Which codes to use depends on the visit’s circumstances
What code is appropriate for an office visit for allergic conjunctivitis? One of my good friends once said, the most common answer for anything optometry related is “I don’t know,” “It depends” or “Steroids.” Seriously though, this question can have a few different answers. “It depends” applies perfectly here because the code chosen will depend on the exact circumstances of the visit. Let’s run through a few scenarios to demonstrate.
A new patient (one whom hasn’t been seen at your office for three years or more) presents for a comprehensive eye health evaluation. During the course of your visit, he complains of periodic itchy eyes after being around a friend’s cat or dog.
Action step. Determine whether to write him a prescription for an allergy medication to use as needed or to ask the patient to return to the office when the problem occurs for a problem-focused visit and prescription.
Coding. Code this visit based on the chief complaint and history of present illness, for example, for a vision plan requiring 92000 codes, this would be 92004.
→ 92004 ophthalmological services
→ 990 xx
For further information on 99- and 92000 codes, go to https://www.aoa.org/Documents/MORE/Basic-coding-What-OD-need-to-know.pdf .
A new patient (16 years old) complains of itchy, red eyes that have discharge and blurred vision. During the patient history, you determine she has ocular and systemic allergies. (The patient is currently on allergy shots and takes fexofenadine hcl and pseudoephedrine hcl (Allegra-D, Chattem) whenever she has a flare up). She says the medication usually works, but this time her eyes are still red and itchy with discharge for two days now.

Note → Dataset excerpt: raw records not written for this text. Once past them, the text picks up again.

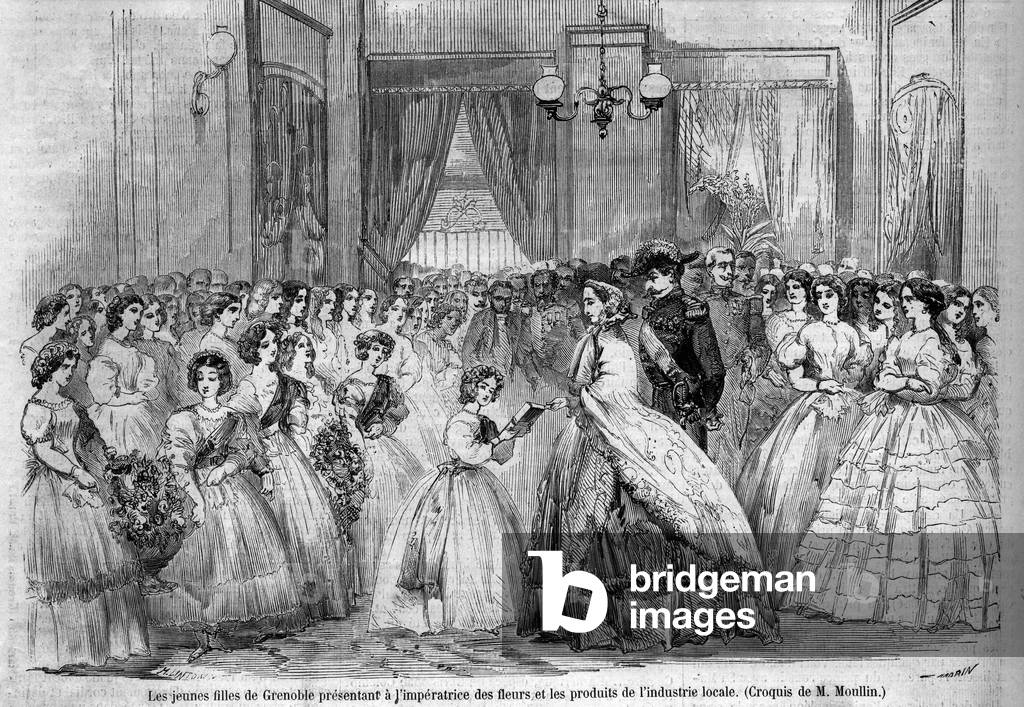 Voyage de l'empereur Napoleon III (1808-1873) et de son epouse Eugenie de Montijo (1826-1920) dans le duche de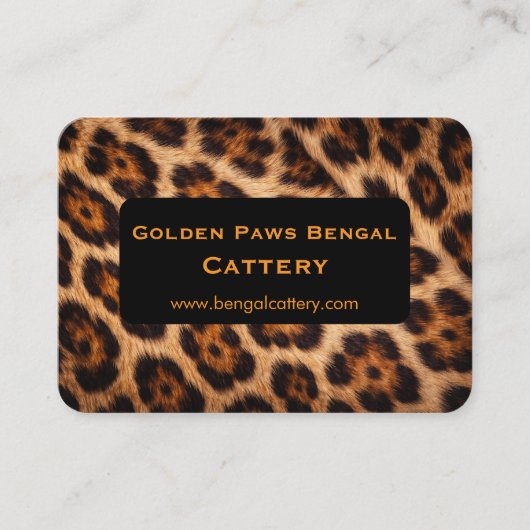 Customizable Bengal Cat Cattery  Visitenkarte (Vorderseite)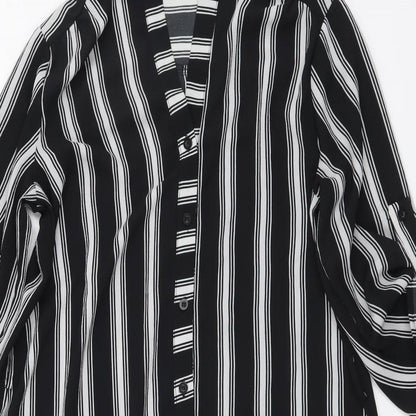 Camea Rose Womens Black Striped Polyester Shirt Dress Size 8 Collared Button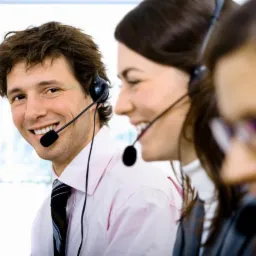 Uśmiechnięty konsultant w słuchawkach, spoglądający w bok, z dwoma innymi pracownikami w tle podczas rozmowy.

Further examination reveals 20/20 vision OD and OS, grade 2 conjunctival papillary reaction, however the rest of the exam (at least eight elements were completed) is unremarkable. The patient is dilated, to be certain all is well with the retina, specifically, because she has never had an eye exam prior to this visit.
Action step. Document the findings listed above in the EHR, and counsel the patient regarding allergic conjunctivitis. Also, prescribe an allergy drop for treatment, and advise a return visit in two weeks.
Coding. You have two options:
The first: a 92004 code (ophthalmological services) defined as: “Medical examination and evaluation with initiation of diagnostic treatment program; comprehensive, new patient, one or more visits.”
The second: a 99000 code. These codes require a specific number of elements for the history, review of systems, past family and social history, as well as examination and medical decision-making to justify the level of coding. What this means is the chart has to follow specific guidelines to justify which 99000 code you choose. Some EHRs will tell you whether you met the level of coding needed for the code chosen, depending on the documentation you recorded in the chart and the level of complexity of the diagnosis you selected. However, the onus is on the doctor to be certain it is correct.